Once the Government has held the Fixed Price Sales, if participants wish to buy any more Allowances after that (for example, because they have emitted more than they predicted), they can do so either through the Secondary Market (by buying Allowances from other Participants or other Account Holders) or through the Safety Valve. The Safety Valve enables Participants to buy additional Allowances from the Administrator at certain stages during a Compliance Year (see regulation 8(1)). The price of Allowances bought through the Safety Valve is related to the price of Allowances in the EU Emissions Trading Scheme (EU ETS), but a minimum floor has been set so that the price will always be higher than buying Allowances from the Government in the Fixed Price Sales (or auctions in subsequent Phases of the scheme).
DECC had initially said that the minimum price of Allowances bought through the Safety Valve would be £12/tCO2, even if the price of EU ETS allowances fell below that.
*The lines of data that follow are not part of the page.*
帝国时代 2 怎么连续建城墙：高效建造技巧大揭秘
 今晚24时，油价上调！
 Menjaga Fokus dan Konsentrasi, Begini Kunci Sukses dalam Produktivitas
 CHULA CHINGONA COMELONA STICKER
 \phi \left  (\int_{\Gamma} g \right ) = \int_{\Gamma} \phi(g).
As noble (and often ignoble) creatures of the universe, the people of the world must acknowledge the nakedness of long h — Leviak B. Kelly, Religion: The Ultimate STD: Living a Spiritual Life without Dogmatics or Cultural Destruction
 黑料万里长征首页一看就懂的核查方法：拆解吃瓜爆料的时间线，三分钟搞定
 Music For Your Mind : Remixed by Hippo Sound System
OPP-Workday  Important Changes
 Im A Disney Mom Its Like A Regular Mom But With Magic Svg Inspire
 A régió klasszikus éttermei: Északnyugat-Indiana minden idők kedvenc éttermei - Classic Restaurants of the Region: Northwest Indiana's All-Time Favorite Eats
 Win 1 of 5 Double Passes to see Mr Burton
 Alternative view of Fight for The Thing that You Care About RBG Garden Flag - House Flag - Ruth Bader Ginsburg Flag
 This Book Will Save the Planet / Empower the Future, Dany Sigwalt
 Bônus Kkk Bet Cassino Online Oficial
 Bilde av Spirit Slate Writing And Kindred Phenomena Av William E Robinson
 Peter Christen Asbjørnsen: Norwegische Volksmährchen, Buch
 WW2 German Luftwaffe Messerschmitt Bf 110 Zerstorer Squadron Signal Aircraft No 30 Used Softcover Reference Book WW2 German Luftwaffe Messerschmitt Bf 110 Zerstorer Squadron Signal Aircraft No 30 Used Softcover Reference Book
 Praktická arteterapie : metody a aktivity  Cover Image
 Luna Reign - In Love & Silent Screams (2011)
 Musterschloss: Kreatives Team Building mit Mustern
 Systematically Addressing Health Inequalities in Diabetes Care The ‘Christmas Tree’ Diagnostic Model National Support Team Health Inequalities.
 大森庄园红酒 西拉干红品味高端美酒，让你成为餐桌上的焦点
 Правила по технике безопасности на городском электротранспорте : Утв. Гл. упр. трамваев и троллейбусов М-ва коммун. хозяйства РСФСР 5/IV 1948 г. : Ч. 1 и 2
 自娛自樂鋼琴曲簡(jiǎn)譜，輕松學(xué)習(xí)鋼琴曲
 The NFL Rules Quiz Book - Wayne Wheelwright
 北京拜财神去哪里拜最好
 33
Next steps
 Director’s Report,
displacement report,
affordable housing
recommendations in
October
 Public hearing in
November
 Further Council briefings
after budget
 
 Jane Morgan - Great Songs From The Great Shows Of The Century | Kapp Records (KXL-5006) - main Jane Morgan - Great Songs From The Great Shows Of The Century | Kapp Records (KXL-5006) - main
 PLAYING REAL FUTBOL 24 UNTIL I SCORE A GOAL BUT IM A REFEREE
However, the minimum price set out in the Draft Allocation Regulations is £14/tCO2 (see regulation 11). According to the Policy Note that was published alongside the Draft Allocation Regulations:
"...the minimum price needs to be higher than £12 to counter the cash flow benefits that participants could realise by postponing buying all their allowances until the last possible moment, should the EUA price remain around the £12 level....It has been concluded that the minimum price must be at least £14 in order to help avoid the safety valve offering better value for money should the EUA price remain relatively low. Raising the minimum safety valve price does not increase the overall costs of the scheme because Government anticipates there being very little use of the safety valve, and so the slightly higher price does not have a significant impact on the overall costs of the scheme to participants."
DECC has also confirmed that there will be no separate legislation on the recycling of revenue from the sale of Allowances as the power to make these Revenue Recycling payments is already provided for under section 53 of the Climate Change Act 2008 (For more information see Practice note, Climate Change Act 2008.) However, DECC did say at the Environment Agency's conference that it will be issuing the EA with "instructions" on how the payments will work in practice. It is not yet clear if this information will be made public.